On Tuesday, August 23, Sherra White and her son Steve Lotti boarded a flight from Lima, Peru, bound for the Amazon city of Pucallpa. It was Sherra’s first trip abroad, her retirement celebration after 32 years as a Georgia public school teacher. Her guide to South America was her son Steve, who had just finished two years with the Peace Corps in Bolivia.

TANS Peru Flight 204 would never make it to Pucallpa. Four miles from the airstrip, the 737-200 carrying 98 passengers crashed into a marshy swamp. While 58 people would survive the crash, Sherra and Steve were not among them. They perished with at least 39 other passengers and crew members.

Sherra Young was my second couisn, Steve Lotti was my third cousin. I did not know either of them particularly well; in fact I do not think that I ever even met my cousin Steve.

It is incredibly hard to write a memorial for someone you barely knew. And it is nearly impossible to find the words to describe someone that you have never even met before.

But family is an important thing. The loss of relatives, even distant ones, echoes long. What touches me most is their story, who they were and how these two Georgia natives found themselves in South America on that fateful flight.

Sherra Young had just retired after 32 years as a public school teacher at the Clayton County Public Schools in Fayetteville, Georgia, but she loved teaching so much that she planned to return to the classroom on Monday to work part-time with remedial students.

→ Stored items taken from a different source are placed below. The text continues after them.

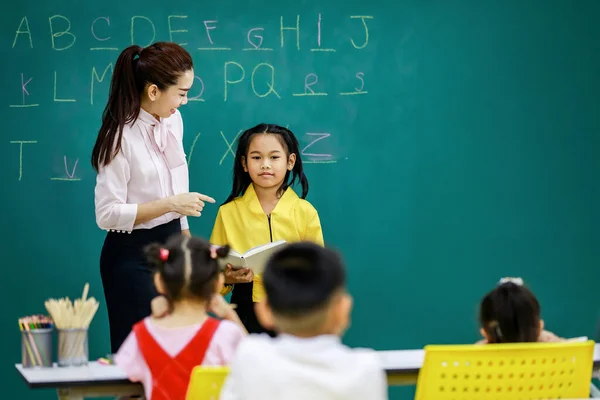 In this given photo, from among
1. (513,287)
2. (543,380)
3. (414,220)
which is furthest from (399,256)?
(543,380)

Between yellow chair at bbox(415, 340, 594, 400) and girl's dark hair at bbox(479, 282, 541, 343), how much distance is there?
254mm

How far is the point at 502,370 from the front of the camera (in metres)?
2.40

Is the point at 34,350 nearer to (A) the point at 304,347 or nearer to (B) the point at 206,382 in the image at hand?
(B) the point at 206,382

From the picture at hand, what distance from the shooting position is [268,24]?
4234 millimetres

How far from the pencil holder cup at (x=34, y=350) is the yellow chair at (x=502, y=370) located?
103 centimetres

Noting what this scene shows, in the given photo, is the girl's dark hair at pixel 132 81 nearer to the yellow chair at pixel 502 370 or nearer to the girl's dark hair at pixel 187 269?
the girl's dark hair at pixel 187 269

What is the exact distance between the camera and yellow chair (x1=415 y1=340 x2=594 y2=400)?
236cm

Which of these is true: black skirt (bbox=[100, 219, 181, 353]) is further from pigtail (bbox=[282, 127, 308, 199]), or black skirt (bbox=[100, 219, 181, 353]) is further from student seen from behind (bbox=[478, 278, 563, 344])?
student seen from behind (bbox=[478, 278, 563, 344])

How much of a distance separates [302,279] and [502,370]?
70 centimetres

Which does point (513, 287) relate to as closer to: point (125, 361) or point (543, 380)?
point (543, 380)

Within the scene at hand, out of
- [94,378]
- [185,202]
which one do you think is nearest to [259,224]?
[185,202]

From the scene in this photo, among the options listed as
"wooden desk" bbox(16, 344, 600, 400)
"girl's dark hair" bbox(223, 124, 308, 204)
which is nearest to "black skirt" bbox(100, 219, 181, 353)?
"girl's dark hair" bbox(223, 124, 308, 204)

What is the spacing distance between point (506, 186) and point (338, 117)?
33.3 inches

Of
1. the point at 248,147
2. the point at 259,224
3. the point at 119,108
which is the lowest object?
the point at 259,224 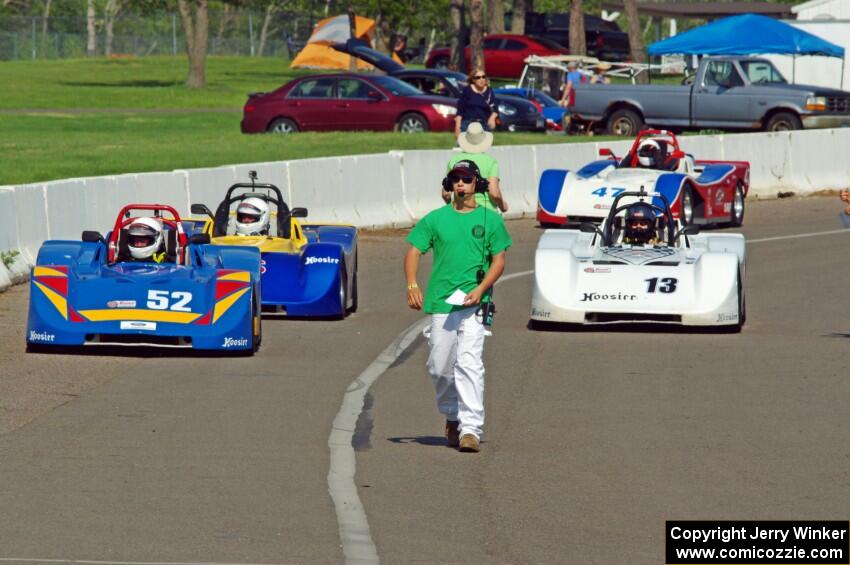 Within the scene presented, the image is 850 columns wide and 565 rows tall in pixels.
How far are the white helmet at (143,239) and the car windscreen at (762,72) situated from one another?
944 inches

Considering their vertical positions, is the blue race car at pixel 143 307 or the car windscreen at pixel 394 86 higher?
the car windscreen at pixel 394 86


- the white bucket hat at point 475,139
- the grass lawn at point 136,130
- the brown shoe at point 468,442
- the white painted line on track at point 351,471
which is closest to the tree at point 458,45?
the grass lawn at point 136,130

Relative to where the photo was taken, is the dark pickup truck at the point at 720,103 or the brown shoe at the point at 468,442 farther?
the dark pickup truck at the point at 720,103

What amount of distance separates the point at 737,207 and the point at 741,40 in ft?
55.1

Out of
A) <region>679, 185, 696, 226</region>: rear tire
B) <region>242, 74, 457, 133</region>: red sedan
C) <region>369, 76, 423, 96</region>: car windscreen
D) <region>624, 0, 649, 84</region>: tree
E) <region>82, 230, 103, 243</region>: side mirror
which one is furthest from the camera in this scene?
<region>624, 0, 649, 84</region>: tree

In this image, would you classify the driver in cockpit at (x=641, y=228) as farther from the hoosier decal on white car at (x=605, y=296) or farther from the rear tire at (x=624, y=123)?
the rear tire at (x=624, y=123)

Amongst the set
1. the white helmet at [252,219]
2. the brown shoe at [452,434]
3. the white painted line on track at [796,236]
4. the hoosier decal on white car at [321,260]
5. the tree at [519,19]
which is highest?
the tree at [519,19]

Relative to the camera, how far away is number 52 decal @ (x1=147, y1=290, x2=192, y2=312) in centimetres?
1268

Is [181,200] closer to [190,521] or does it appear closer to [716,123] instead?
[190,521]

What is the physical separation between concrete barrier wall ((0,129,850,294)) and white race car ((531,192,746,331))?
18.4 feet

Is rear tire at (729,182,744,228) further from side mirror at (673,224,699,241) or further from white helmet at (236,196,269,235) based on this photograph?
white helmet at (236,196,269,235)

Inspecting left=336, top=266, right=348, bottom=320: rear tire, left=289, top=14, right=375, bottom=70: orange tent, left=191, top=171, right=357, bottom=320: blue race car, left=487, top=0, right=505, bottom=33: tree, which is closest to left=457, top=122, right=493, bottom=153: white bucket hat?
left=191, top=171, right=357, bottom=320: blue race car

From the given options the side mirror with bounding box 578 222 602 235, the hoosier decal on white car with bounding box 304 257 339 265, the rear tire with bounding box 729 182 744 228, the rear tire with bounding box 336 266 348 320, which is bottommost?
the rear tire with bounding box 729 182 744 228

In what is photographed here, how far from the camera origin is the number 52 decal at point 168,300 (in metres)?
12.7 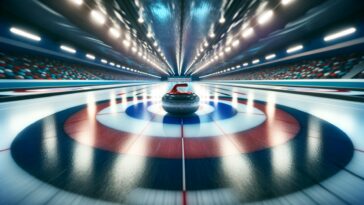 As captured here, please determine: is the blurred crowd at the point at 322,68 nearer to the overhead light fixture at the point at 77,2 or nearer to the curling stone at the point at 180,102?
the curling stone at the point at 180,102

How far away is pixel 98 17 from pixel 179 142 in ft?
28.6

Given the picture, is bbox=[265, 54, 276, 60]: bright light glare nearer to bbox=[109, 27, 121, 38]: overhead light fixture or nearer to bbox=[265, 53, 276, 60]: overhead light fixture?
bbox=[265, 53, 276, 60]: overhead light fixture

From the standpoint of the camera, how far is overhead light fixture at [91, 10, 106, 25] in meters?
7.21

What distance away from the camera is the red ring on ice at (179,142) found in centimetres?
170

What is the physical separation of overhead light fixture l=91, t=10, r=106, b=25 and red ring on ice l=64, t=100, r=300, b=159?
23.4 feet

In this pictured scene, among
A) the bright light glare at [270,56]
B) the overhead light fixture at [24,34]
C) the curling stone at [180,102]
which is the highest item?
the overhead light fixture at [24,34]

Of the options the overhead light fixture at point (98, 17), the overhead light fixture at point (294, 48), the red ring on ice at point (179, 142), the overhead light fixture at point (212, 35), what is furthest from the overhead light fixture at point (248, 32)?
the red ring on ice at point (179, 142)

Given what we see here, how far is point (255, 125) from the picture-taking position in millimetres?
2775

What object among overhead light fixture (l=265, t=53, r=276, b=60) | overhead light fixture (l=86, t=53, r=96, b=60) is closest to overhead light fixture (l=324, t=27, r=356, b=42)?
overhead light fixture (l=265, t=53, r=276, b=60)

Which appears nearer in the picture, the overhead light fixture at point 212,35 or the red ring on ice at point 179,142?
the red ring on ice at point 179,142

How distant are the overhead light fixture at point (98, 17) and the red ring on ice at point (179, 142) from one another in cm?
713

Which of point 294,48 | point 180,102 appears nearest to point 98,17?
point 180,102

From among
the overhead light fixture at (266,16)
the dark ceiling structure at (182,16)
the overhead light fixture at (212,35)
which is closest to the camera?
the dark ceiling structure at (182,16)

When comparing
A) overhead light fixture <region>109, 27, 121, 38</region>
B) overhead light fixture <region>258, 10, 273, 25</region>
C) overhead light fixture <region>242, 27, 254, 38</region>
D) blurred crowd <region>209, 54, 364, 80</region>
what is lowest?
blurred crowd <region>209, 54, 364, 80</region> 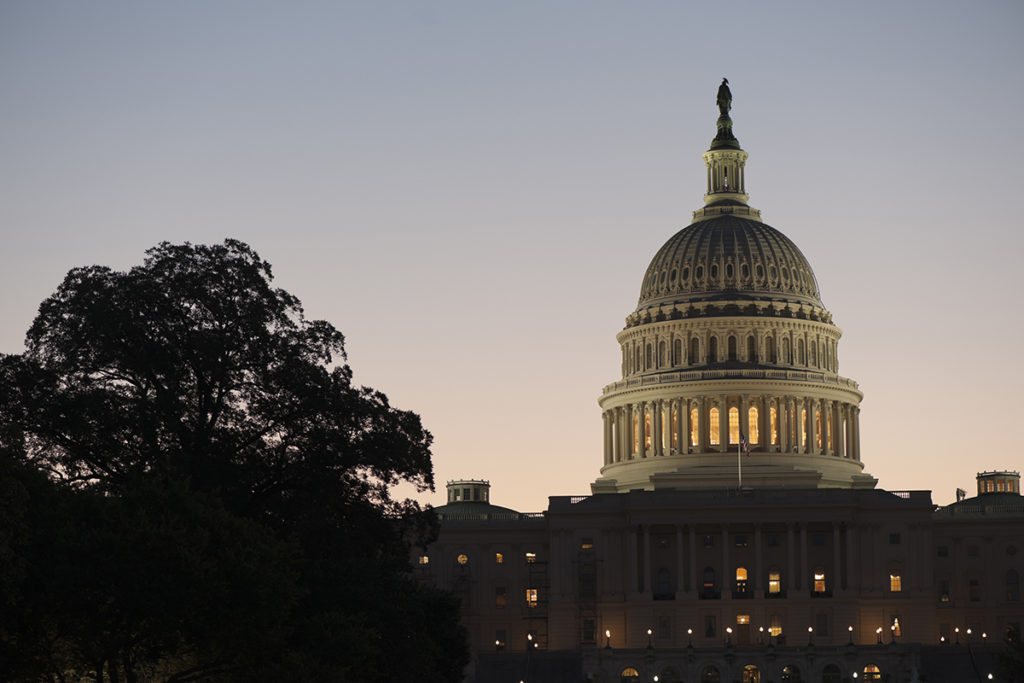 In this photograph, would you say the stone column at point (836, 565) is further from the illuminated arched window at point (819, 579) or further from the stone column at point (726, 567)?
the stone column at point (726, 567)

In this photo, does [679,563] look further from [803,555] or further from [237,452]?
[237,452]

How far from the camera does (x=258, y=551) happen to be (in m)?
76.8

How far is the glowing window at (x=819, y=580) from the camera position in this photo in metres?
192

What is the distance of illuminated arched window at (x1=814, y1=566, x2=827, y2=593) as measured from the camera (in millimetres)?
192375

Her son Steve Lotti, 28, had graduated from the University of Georgia and worked as an archeologist before joining the Peace Corps. He spent two years at San Antonio de Lomerio in Santa Cruz, Bolivia, where he was focusing on water and sanitation issues.

I last saw Sherra and her husband, Jeff, two years ago as we spent the holidays with family in Georgia and we discussed their son Steve’s work in Bolivia with the Peace Corps. I remember that they expressed that odd bewilderment that comes with not quite fully understanding your child choosing to go live in the third-world for two years. But I will never forget the quiet, but tremendous, pride that radiated from them as they spoke of his work bringing clean water to Bolivian villages for the first time.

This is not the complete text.